**How to complete this task**
From the records below, transcribe exactly the lines that begin at the line with "LACO All Weather" and end at the line with "Albatross Bikes 3", both included.

== == ==

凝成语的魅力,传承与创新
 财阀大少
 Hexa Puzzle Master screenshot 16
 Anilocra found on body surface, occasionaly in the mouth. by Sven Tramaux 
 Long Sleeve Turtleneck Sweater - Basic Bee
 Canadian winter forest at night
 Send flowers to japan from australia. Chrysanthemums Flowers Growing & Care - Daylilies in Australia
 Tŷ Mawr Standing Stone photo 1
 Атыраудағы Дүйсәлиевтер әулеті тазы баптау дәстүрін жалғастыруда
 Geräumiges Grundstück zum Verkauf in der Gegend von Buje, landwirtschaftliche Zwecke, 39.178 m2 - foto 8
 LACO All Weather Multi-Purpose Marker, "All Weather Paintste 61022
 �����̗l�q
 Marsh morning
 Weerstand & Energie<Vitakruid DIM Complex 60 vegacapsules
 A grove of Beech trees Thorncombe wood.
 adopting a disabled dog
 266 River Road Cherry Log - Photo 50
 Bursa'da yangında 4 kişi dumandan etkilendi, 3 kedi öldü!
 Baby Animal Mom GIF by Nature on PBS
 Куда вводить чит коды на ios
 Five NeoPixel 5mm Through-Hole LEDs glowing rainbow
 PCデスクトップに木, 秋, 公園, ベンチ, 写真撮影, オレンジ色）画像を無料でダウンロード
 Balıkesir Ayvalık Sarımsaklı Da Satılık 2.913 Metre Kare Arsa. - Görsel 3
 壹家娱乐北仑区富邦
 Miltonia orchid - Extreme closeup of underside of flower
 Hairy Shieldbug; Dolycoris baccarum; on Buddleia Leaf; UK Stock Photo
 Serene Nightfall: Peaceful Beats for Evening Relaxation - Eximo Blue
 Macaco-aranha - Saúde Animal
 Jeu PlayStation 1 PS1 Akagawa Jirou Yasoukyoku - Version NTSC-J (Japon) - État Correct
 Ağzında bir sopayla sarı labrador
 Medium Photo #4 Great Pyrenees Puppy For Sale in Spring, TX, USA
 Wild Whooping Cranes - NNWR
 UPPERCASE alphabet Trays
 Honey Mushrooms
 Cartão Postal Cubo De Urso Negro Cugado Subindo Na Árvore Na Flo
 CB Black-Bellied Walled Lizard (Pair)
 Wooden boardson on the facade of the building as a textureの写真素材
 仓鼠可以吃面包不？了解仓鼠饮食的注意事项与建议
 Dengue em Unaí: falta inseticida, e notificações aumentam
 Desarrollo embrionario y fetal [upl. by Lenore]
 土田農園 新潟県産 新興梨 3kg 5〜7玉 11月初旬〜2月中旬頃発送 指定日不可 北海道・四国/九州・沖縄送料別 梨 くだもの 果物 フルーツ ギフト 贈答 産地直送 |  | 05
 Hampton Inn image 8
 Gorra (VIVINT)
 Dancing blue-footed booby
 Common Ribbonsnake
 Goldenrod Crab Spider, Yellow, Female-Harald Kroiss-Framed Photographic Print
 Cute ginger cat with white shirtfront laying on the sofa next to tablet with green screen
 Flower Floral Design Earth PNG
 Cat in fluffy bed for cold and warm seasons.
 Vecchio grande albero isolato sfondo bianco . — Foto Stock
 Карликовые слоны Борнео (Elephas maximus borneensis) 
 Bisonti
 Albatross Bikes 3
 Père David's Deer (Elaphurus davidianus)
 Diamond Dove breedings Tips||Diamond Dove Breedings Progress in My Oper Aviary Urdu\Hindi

== == ==

**Response**
 LACO All Weather Multi-Purpose Marker, "All Weather Paintste 61022
 �����̗l�q
 Marsh morning
 Weerstand & Energie<Vitakruid DIM Complex 60 vegacapsules
 A grove of Beech trees Thorncombe wood.
 adopting a disabled dog
 266 River Road Cherry Log - Photo 50
 Bursa'da yangında 4 kişi dumandan etkilendi, 3 kedi öldü!
 Baby Animal Mom GIF by Nature on PBS
 Куда вводить чит коды на ios
 Five NeoPixel 5mm Through-Hole LEDs glowing rainbow
 PCデスクトップに木, 秋, 公園, ベンチ, 写真撮影, オレンジ色）画像を無料でダウンロード
 Balıkesir Ayvalık Sarımsaklı Da Satılık 2.913 Metre Kare Arsa. - Görsel 3
 壹家娱乐北仑区富邦
 Miltonia orchid - Extreme closeup of underside of flower
 Hairy Shieldbug; Dolycoris baccarum; on Buddleia Leaf; UK Stock Photo
 Serene Nightfall: Peaceful Beats for Evening Relaxation - Eximo Blue
 Macaco-aranha - Saúde Animal
 Jeu PlayStation 1 PS1 Akagawa Jirou Yasoukyoku - Version NTSC-J (Japon) - État Correct
 Ağzında bir sopayla sarı labrador
 Medium Photo #4 Great Pyrenees Puppy For Sale in Spring, TX, USA
 Wild Whooping Cranes - NNWR
 UPPERCASE alphabet Trays
 Honey Mushrooms
 Cartão Postal Cubo De Urso Negro Cugado Subindo Na Árvore Na Flo
 CB Black-Bellied Walled Lizard (Pair)
 Wooden boardson on the facade of the building as a textureの写真素材
 仓鼠可以吃面包不？了解仓鼠饮食的注意事项与建议
 Dengue em Unaí: falta inseticida, e notificações aumentam
 Desarrollo embrionario y fetal [upl. by Lenore]
 土田農園 新潟県産 新興梨 3kg 5〜7玉 11月初旬〜2月中旬頃発送 指定日不可 北海道・四国/九州・沖縄送料別 梨 くだもの 果物 フルーツ ギフト 贈答 産地直送 |  | 05
 Hampton Inn image 8
 Gorra (VIVINT)
 Dancing blue-footed booby
 Common Ribbonsnake
 Goldenrod Crab Spider, Yellow, Female-Harald Kroiss-Framed Photographic Print
 Cute ginger cat with white shirtfront laying on the sofa next to tablet with green screen
 Flower Floral Design Earth PNG
 Cat in fluffy bed for cold and warm seasons.
 Vecchio grande albero isolato sfondo bianco . — Foto Stock
 Карликовые слоны Борнео (Elephas maximus borneensis) 
 Bisonti
 Albatross Bikes 3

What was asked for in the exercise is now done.